Dopo il deludente La solitudine dei numeri primi, Saverio Costanzo ci riprova sempre affiancato da Alba Rohrwacher con Hungry Hearts, una pellicola dal sapore americano, con dei risvolti drammatici, ma non solo, e delle tematiche difficili che il regista affronta con intelligenza e perizia, regalandoci uno dei film più belli di questa 71esima mostra del cinema.

A New York Mina (Alba Rohrwacher) incontra Jude (Adam Driver) del quale si innamora. I due si sposano conducendo una vita tranquilla fino a quando Mina, incinta, incontra una guida spirituale che le dice che il figlio che porta in grembo sarà un bambino ‘indaco’, cioè, secondo la subcultura New Age, con capacità speciali o soprannaturali.
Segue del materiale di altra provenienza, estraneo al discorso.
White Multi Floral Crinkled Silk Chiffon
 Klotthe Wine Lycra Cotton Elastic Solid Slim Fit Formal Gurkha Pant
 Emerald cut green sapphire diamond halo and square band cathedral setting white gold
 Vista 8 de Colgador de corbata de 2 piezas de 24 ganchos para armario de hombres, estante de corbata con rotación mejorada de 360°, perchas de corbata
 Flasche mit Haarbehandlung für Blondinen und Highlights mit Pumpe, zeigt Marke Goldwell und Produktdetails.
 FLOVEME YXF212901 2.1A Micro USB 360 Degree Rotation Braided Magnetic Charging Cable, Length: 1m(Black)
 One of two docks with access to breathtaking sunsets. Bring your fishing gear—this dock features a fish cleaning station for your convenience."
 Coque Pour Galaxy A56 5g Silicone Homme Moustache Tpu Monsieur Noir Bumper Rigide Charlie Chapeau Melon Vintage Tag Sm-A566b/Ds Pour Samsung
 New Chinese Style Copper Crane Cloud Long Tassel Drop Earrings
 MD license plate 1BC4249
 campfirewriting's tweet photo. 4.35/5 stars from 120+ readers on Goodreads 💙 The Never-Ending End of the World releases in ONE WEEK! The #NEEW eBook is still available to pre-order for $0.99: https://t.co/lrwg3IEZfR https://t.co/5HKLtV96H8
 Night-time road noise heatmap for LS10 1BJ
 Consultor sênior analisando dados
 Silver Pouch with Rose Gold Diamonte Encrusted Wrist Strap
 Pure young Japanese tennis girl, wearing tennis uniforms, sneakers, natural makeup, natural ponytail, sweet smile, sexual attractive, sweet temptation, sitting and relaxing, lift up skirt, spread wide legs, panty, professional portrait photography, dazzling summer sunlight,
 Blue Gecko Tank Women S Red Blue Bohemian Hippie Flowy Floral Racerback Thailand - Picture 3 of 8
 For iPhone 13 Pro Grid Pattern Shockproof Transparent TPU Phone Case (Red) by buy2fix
La donna, quindi, sviluppa nei confronti del figlio un’attenzione morbosa. Lo tiene lontano dalla luce e dai contatti con il mondo esterno, nutrendolo solo con certi cibi in certi orari. Sarà Jude ad accorgersi di come il bimbo non stia crescendo bene, portandolo dal pediatra e scoprendo la sua denutrizione, inizierà un braccio di ferro tra i due genitori per la crescita del piccolo.

Tematiche attuali, tematiche che fanno riflettere e anche un po’ tremare i polsi. Una spontaneità nella  messa in scena che però, nella sua grandezza, sembra essere studiata a tavolino. Due interpreti come Adam Driver e Alba Rohrwacher in completo stato di grazia. Questo è Hungry Hearts, un film che colpisce e fa male, che si vive in prima persona in uno stile molto lontano dal cinema italiano più classico, buttando un occhio  al grande cinema d’ oltreoceano.

E i riferimenti non vanno cercati in un solo genere. La forza del film di Costanzo sta proprio nella commistione di generi che non cozzano mai tra di loro, ma anzi trovano una loro perfetta armonia. Ed ecco che allora Hungry Hearts parte come una commedia romantica, con un simpatico siparietto in piano sequenza che ci permette di conoscere i due protagonisti, per poi passare lentamente al dramedy e trasformarsi pienamente in drammatico e finire in thriller.

L’opera è prima di tutto un racconto di corpi che si cercano e si respingono con la stessa intensità, che non possono staccarsi, ma allo stesso tempo si ricercano e si esplorano, muovendosi in piccoli spazi dove la telecamera non lascia mai i suoi due protagonisti, in una danza prima dolce, ma che si trasforma ben presto in infernale.

Mina, una Rohrwacher mai cosi intensa ed instintiva, è una moderna Cappuccetto Rosso che, secondo la sua visione, si ritrova, soprattutto nel finale, ad entrare nella tana del lupo che si nasconde sotto le spoglie del cacciatore salvifico, la madre di Jude, che tiene in custodia il bambino dei due protagonisti.

Lo stesso Jude diventa la trasposizione del pubblico che, attraverso di lui, assaggia il cambiamento di Mina decidendo da che parte stare.

Costanzo racconta tutto con estremo candore, dove, come detto, è facile prendere posizione, e lo fa con semplicità dolorosa, scavando nella psiche primordiale,  totalmente instintiva del ruolo genitoriale. Due cuori affamati, come dice il titolo, che hanno bisogno d’amare e di essere amati ma che scatenano un conflitto interno solvibile solo con la continua ricerca utopica dell’innocenza, li dove però,  si nascondono i demoni.